In the spring of ’99, I went to Europe by myself for the first time. I wanted to see Germany, so three days in Berlin became the foundation of my trip. Looking at a map of Europe, I could see the options for countries surrounding Germany were simple enough. I could return to France, Italy, or Austria, but I didn’t want to do that. I first traveled to Europe the previous spring, so I was still in consumption mode for new countries. Those big three didn’t fit that requirement, so they were immediately excluded. I looked north and noticed Denmark and Scandinavia, but I was still poor at the time, so I struck those from consideration, as well. A simple maxim is that Europe gets more expensive as the traveler moves north. That left one alternative: look east.

My first trip to Europe included nearly two weeks in Slovenia. The thought of going east was an easy consideration. The former communist block was still in its democratic infancy, having been set free into capitalism less than a decade earlier. Looking at my map, I saw the Czech Republic. I knew Prague was a tourist favorite, so I looked into that briefly and realized it would be a perfect fit for my trip. I scheduled three days of Prague into my itinerary.

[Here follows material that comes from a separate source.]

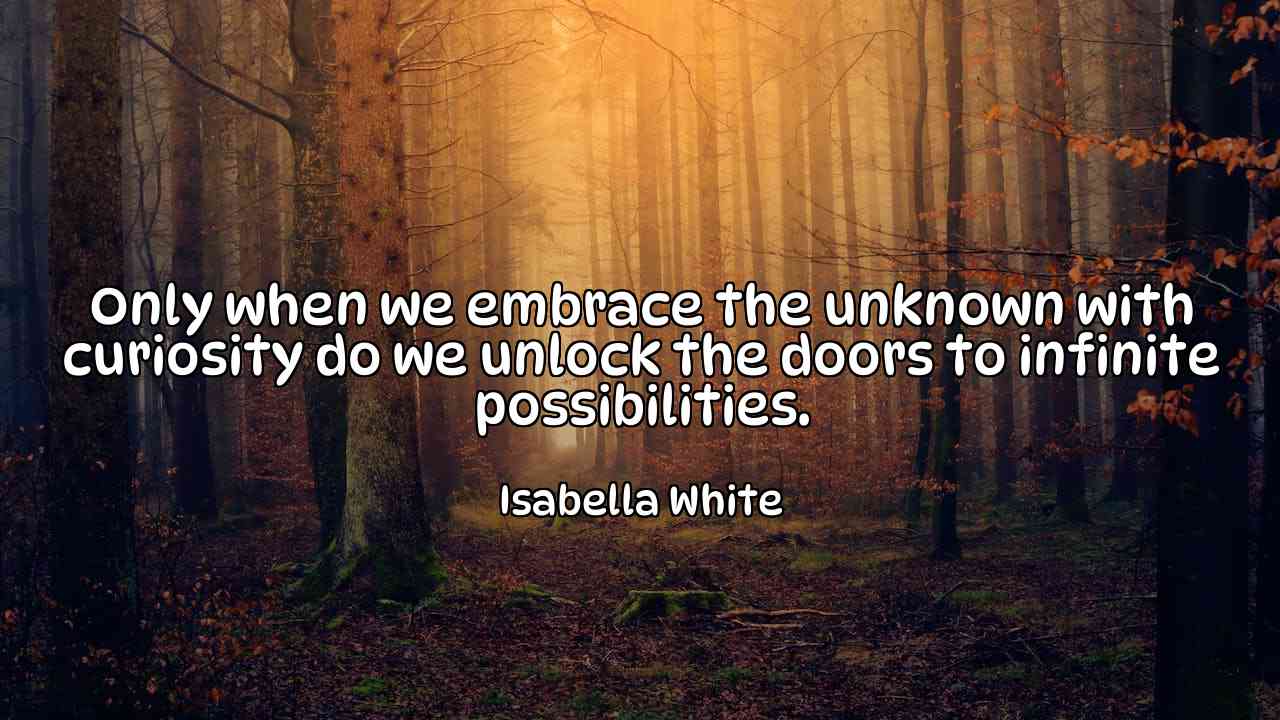 Only when we embrace the unknown with curiosity do we unlock the doors to infinite possibilities. - Isabella White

The largest expense on my European vacations, because I choose to stay in youth hostels, is always the airfare. At $500 with a budget of barely $1,000, the final destination would have to be cheap and simple. I would need a visa to go further east, so I looked to Poland, a neighbor of both Germany and the Czech Republic. I knew of Warsaw, but Krakow intrigued me more. Because of the guidebook information, it seemed like a perfect fit for my needs. It was cheap, full of history, and cheap. Three days in Krakow completed the plan. The triangle formed by Berlin, Krakow, and Prague had an additional benefit. Since each journey is a perfect 8-hour overnight train ride, my itinerary eliminated two extra hostel stays. I anticipated my trip with the specific focus of Berlin and Prague. It was impossible for me to fathom that what I’d witness during my stay in Krakow would be the most lasting memory.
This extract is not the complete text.